New York Rep. Charles Rangel, whose ethics trial starts Monday, appears to have improperly used political-action committee money to pay for his defense, The New York Post reported Sunday.
Rangel tapped his National Leadership PAC for $293,000 to pay his main legal-defense team this year. He took another $100,000 from the PAC in 2009 to pay lawyer Lanny Davis. Two legal experts told The Post such spending is against House rules. "It's a breach of congressional ethics," one campaign-finance lawyer said.
Washington, D.C., political lawyer Cleta Mitchell said there is "no authority for a member to use leadership PAC funds as a slush fund to pay for personal or official expenses." Leadership PACs are typically used by politicians to donate money to other candidates.
But Rangel seems to have run afoul of House ethics rules. Lawmakers are generally allowed to use campaign cash to pay their lawyers, but this is limited to money in their personal campaign committee and they must ask permission first, the campaign-finance lawyer said. "The only campaign funds that a member may use to pay for congressional expenses are funds of his or her principal campaign committee -- not the funds of a leadership PAC or a multicandidate committee," according to the House Ethics Manual.

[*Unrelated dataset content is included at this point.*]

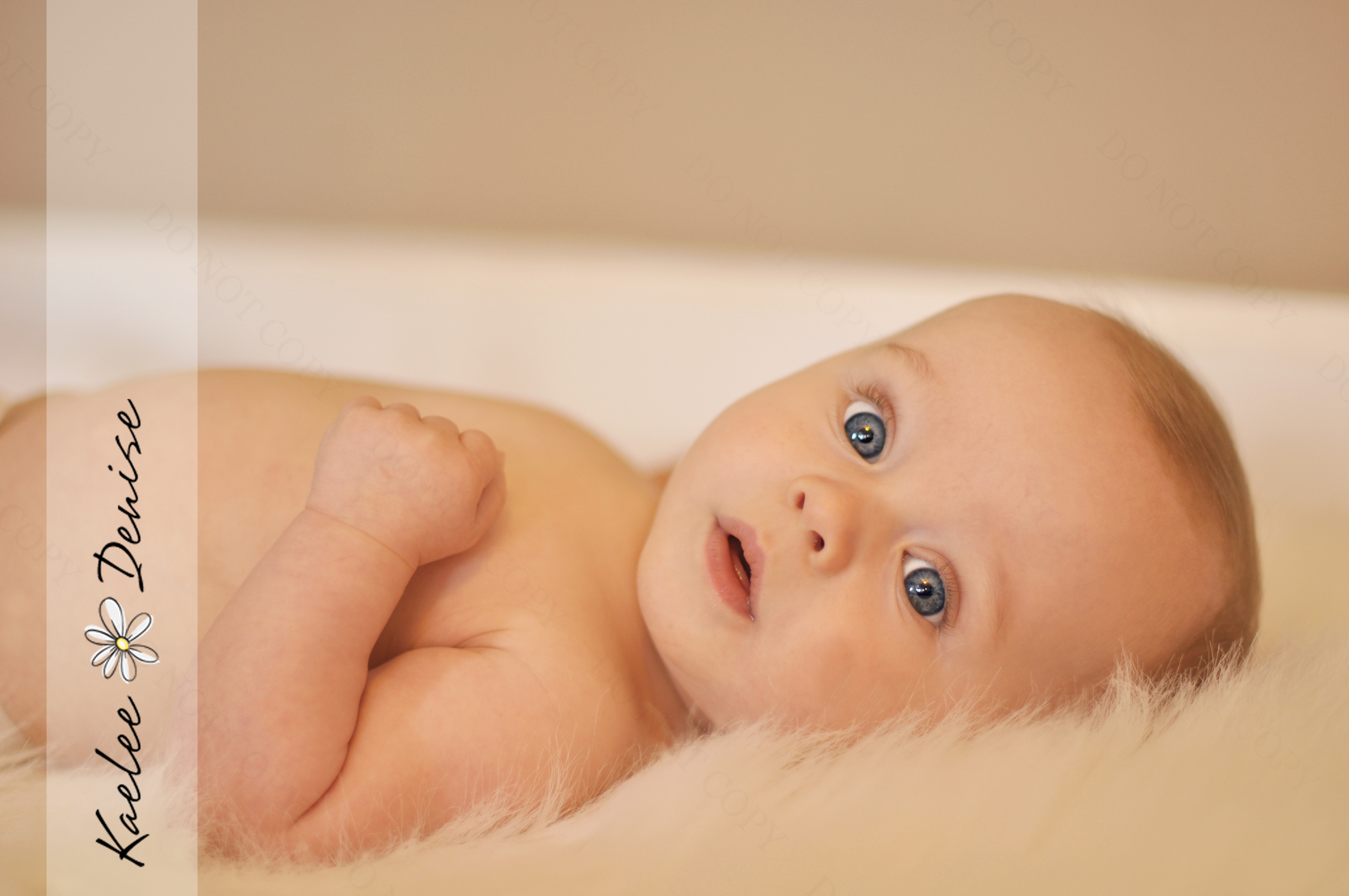 Kaelee Denise Photography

Legal fees tied to a campaign, election or performance of official duties are considered congressional expenses. "Accepting money or payment for legal expenses from any other source, including a PAC, would be a gift and is barred by the House rules," the lawyer said. The Ethics Committee had no comment.
Rangel's office refused to comment on the PAC money. On top of the $393,000 in PAC funds, records show Rangel yanked $1.4 million from his campaign coffers in 2009 and 2010 to pay the firm Zuckerman Spaeder, his main legal-defense team, and $100,000 in 2009 to pay Davis' firm.
He also spent $147,577 for Washington, D.C., lawyer John Kern and $174,303 for Watkins, Meegan, Drury & Co., a firm that offers forensic accounting and legal services.
An eight-member ethics subcommittee of four Democrats and four Republicans will convene at 9 a.m. to hear the 13 charges. They include failure to disclose and pay taxes on his vacation home in the Dominican Republic; his use of a rent-regulated Harlem apartment as a campaign office; and using congressional stationery to raise money for the Rangel Center at City College.